In den Neuköllner Untergrund treibt es Giffey und Saleh, weil sie ihre Pläne für den Ausbau der Berliner U-Bahn, vorstellen wollen. Es geht nach um ein paar Minuten verlängerter Wartezeit - ein Zug ist ausgefallen - vier Stationen weiter zum Endbahnhof der U7 in Rudow. Dort präsentieren sie stolz die fünf von ihnen als sinnvoll erachteten Neubaustrecken. Die U3 soll um eine Station von Krumme Lanke bis zum S-Bahnhof Mexikoplatz verlängert werden, die U2 ebenfalls um einen Bahnhof bis Pankow-Kirche wachsen, die U8 das Märkische Viertel erreichen. Ganz groß denken die beiden bei der U7. Die nämlich soll von Rudow rund acht Kilometer bis zum neuen Flughafen BER verlängert werden, vom Rathaus Spandau wiederum einige Kilometer bis zur Heerstraße.

1,8 Milliarden Euro Kosten sind laut Nahverkehrsplan für diese Projekte veranschlagt, die SPD-Politiker kommen auf eine etwas niedrigere Summe. »Natürlich wird das Land Berlin es nicht alleine schaffen können«, räumt Giffey ein. Sie habe aber mit am Kabinettstisch der Bundesregierung gesessen, als beschlossen wurde, die Gemeindeverkehrsfinanzierung auszubauen.

»Das heißt, Berlin steht hier nicht alleine da, sondern es kann in großem Umfang Mittel nutzen«, so die ehemalige Neuköllner Bezirksbürgermeisterin. Der Bundesanteil bei der Förderung sei gerade auf 75 Prozent aufgestockt worden. »Und wenn es Projekte von überregionaler Bedeutung sind , dann sogar auf 90 Prozent«, sagt sie. Allerdings müsste es sich laut Gesetz dabei um die Reaktivierung einer Eisenbahnstrecke handeln. U-Bahnen, die rechtlich Straßenbahnen gleichgestellt sind, fallen nicht darunter.

Für den Endbahnhof Rudow, wo auf Busse zum Flughafen umgestiegen werden muss, malt der aktuelle Bezirksbürgermeister Martin Hikel (SPD) das Schreckgespenst einer »großen gelben Schlange« an die Wand, wenn künftig alle drei bis fünf Minuten ein Bus gen BER abfährt. »Für den Verkehr ist das ein Kollaps. Das wird ganz katastrophal«, so Hikel.
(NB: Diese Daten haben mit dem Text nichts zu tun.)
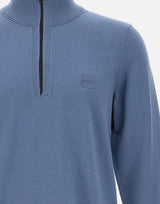 Maglia colletto con zip in cotone e cashmere 50527585 495 BOSS 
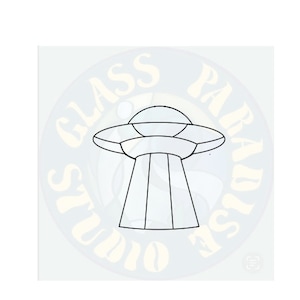 UFO simple Stained Glass Pattern Pdf Digital File | Stained Glass Flying Saucer Suncatcher | Digital Pattern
»Wenn man Klimaschutz groß denken will, muss man auch Maßnahmen unterstützen, die groß sind. Nicht ideologisch sagen: Wir wollen es nicht, weil wir es nicht wollen«, sagt Raed Saleh. Dann wird er wohl auch ein ernstes Wörtchen mit dem Fachausschuss Mobilität der Berliner SPD sprechen müssen. Auf den Tag genau vor einem Jahr hat dieser ein Papier veröffentlicht, das den dramatischen Instandhaltungsrückstau im Bestandsnetz der U-Bahn thematisiert. Milliarden müssen in die Ertüchtigung fließen. »Deshalb verbietet es sich, die Planungs- und Baukapazitäten und die Berliner Finanzen mit U-Bahn-Ausbaufantasien zu belasten«, heißt es dort.

»Natürlich muss auch in die Sanierung der Strecken investiert werden, das ist gar keine Frage«, entgegnet Giffey. »Wenn wir aufzeigen wollen: Wo will Berlin eigentlich hin, auch in zehn Jahren?, dann wird es nicht reichen zu sagen: Wir machen nur alles hübsch.« Sie stellt klar, dass sie sich nicht nur auf den U-Bahn-Ausbau konzentrieren will. »Die Stadt hat ein Straßenbahnkonzept, das muss vorangebracht werden, das Radnetz muss genauso vorangebracht werden.«

»Unseren Vorschlag machen wir auf der Grundlage einer realistischen Abschätzung von Kosten, von Fördermöglichkeiten, von zeitlichen Rahmenbedingungen«, beharrt Giffey. »Wir wollen das in zehn Jahren«, sagt Raed Saleh. Das scheint angesichts von acht Jahren, die Verkehrssenatorin Regine Günther (Grüne) allein für Planung und Bau einer Straßenbahnstrecke veranschlagt, dann doch arg optimistisch. Das zeigt auch der Bezug, den er mit der Bezeichnung »u2030« für den Plan zum Eisenbahnausbauprojekt »i2030« herstellt. Viele der Maßnahmen sollen erst Ende der 30er Jahre beendet werden.

»Bei den Verlängerungen von U3 und U2 können wir noch mitgehen«, sagt Jens Wieseke vom Berliner Fahrgastverband IGEB zu »nd«. »Was Berlin braucht, ist eine flächendeckende Verbesserung des Nahverkehrs. Und das geht nur mit deutlichem Ausbau der Straßenbahn und schneller Beschleunigung des Busverkehrs. Punktuelle U-Bahn-Neubaustrecken für viel Geld helfen nicht weiter«, so Wieseke.

Giffey holt die große politische Keule raus: »Ich halte diesen Gedanken einer vollkommen autofreien Innenstadt für wirklichkeitsfremd«, sagt sie in Richtung der Grünen. Es dürfe keine »virtuelle Mauer« um die Innenstadt errichtet werden. Sie meint die Überlegungen zu einer City-Maut, also einer Einfahrgebühr für Autos ins Zentrum. »Wir wollen eine Stadt, in der Menschen nicht überlegen müssen: Kann ich es mir heute leisten, in die Innenstadt zu fahren?«

Laut einer aktuellen repräsentativen Umfrage von RBB und »Berliner Morgenpost« würde die SPD bei der Abgeordnetenhauswahl derzeit gleichauf mit der Linken auf 15 Prozent der Stimmen kommen, die Grünen lägen mit 26 Prozent auf Platz eins. Die CDU käme auf 22 Prozent. 51 Prozent der Befragten und 71 Prozent der SPD-Anhänger würden sich Giffey als Regierende Bürgermeisterin wünschen.